Hi,
On Fri, 4 Nov 2022, Kai Vehmanen wrote:
On Fri, 4 Nov 2022, Takashi Iwai wrote:
On Fri, 04 Nov 2022 16:42:29 +0100, Kai Vehmanen wrote:
I think an explicit error would be best. The problem now is that the driver will think the allocation (and mapping to device) is fine and proceeds to program the hardware to use the address. This will then create an IOMMU fault down the line that is not so straighforward to recover from (worst case is that a full device level reset needs to be done). And given driver doesn't know it got a faulty mapping, it's hard to make the decision why the fault happened.
OK, then what I posted in another mail (it went to nirvana) might work. Attached below again.
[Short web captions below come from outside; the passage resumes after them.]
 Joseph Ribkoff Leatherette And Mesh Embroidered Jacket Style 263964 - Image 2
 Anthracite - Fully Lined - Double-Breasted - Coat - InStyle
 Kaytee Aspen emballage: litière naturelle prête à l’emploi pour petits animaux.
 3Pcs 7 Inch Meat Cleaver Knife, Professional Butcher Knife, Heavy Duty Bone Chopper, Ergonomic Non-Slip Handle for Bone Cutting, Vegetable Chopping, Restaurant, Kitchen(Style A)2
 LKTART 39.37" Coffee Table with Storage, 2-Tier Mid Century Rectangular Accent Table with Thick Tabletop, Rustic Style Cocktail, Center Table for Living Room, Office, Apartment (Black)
thanks! Let me put this through testing and get back to you next week. We'll also debug a bit more what exactly goes on that leads to dma_alloc_noncontiguous failing.
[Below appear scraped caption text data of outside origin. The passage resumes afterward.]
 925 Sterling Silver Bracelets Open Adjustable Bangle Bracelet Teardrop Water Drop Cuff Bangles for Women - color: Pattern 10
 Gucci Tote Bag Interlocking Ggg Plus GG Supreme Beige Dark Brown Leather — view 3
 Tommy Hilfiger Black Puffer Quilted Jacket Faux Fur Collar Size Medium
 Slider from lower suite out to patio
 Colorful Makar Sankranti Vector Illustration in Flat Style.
Takashi, the patch seems good. We've included it in multiple test runs and seems to be working as intented, so:
Reviewed-by: Kai Vehmanen kai.vehmanen@linux.intel.com
... for the patch. Rootcausing why dma_alloc_noncontiguous() fails is still ongoing (reproduction rate is very, very low). I've been looking at snd_dma_sg_fallback_alloc() and comparing to iommu dma allocator code, and it's curious how can we have a case where former succeeds but latter not. We e.g. now pass __GFP_RETRY_MAYFAIL to dma_alloc_noncontiguous(), but snd_dma_sg_fallback_alloc() does the alloc_pages_exact() call with __GFP_NORETRY. But of course it can fail when doing the mapping and there's more code involved. But alas this is a separate issue for us to track down.
Br, Kai